The county also is awaiting the arrival of 10 new touch-screen voting computers from the Secretary of State's office, Clerk and Recorder Diane Mellem said Tuesday.
The Hill County Commission will hold a public meeting next Thursday to discuss possible solutions to the ADA requirements. Mellem said consolidating the polling stations also would save the county money.
“We can't afford to maintain 21 precincts in this county and we don't have 21 that meet ADA,” Mellem said Tuesday. “Elections are getting more and more expensive. We can minimize long-term expenses with less polling places.”
Mellem said she's unsure of the cost of the computers and the programming software needed to coordinate the new equipment with the old.
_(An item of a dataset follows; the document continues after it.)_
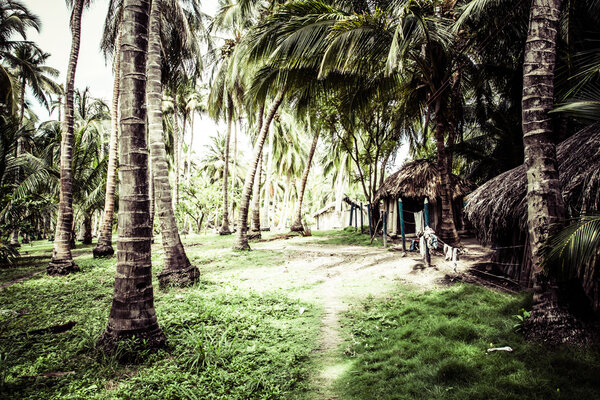 Green Palm Forest in Colombian Island — Stock Photo, Image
The new machines will include headphones for vocal explanations of the ballot and directions available in Braille, she said.
“What we're using works beautifully, but technology is moving ahead of it. The new equipment is a couple of steps up from what we have. If we tried to keep up with the most advanced technology, we would have to upgrade twice a year,” she said.
The new equipment and proposed polling station changes will be set for the June 6 primary election. New ADA requirements go into effect in June.
The ADA standards require polling facilities to meet the needs of the disabled, including wide doorways, designated parking and bathrooms with suitable handicapped-accessible stalls, she said.
None of the 10 sites Mellem wants to keep meet the standards, she said, but those fixes are relatively minor.
Mellem said those fixes would cost about $3,000 per facility. The majority of costs for replacing and installing signs and other needs will be covered with Help America Vote Act grants, Mellem said.
The District IV Human Resources District Council facility, for example, needs smaller push bars installed on the entrance doors, she said. The Hill County Electric/Triangle Telephone building only needs a sign.
Mellem said the proposed polling sites - with the improvements - should meet ADA requirements for the next seven years.
She said she learned a lot by doing her assessment. The lack of a few inches in the width of an entrance can make a big difference, she said.
Mellem and deputy election administrator Betty Williams checked all 21 polling places, with the help of Julie Anderson of Havre Day Activity Center and Hill County Council on Aging member Gwen Goar.
Mellem said she was impressed with the women's ability to enter a bathroom and know a soap dispenser is too high to meet requirements just by looking at it.
“They see why these changes are needed. They deal with it every day,” she added.
Mellem said the county has almost discontinued the use of private buildings as polling places and because the majority of stations will be located in public buildings, the upgrades will benefit the entire community.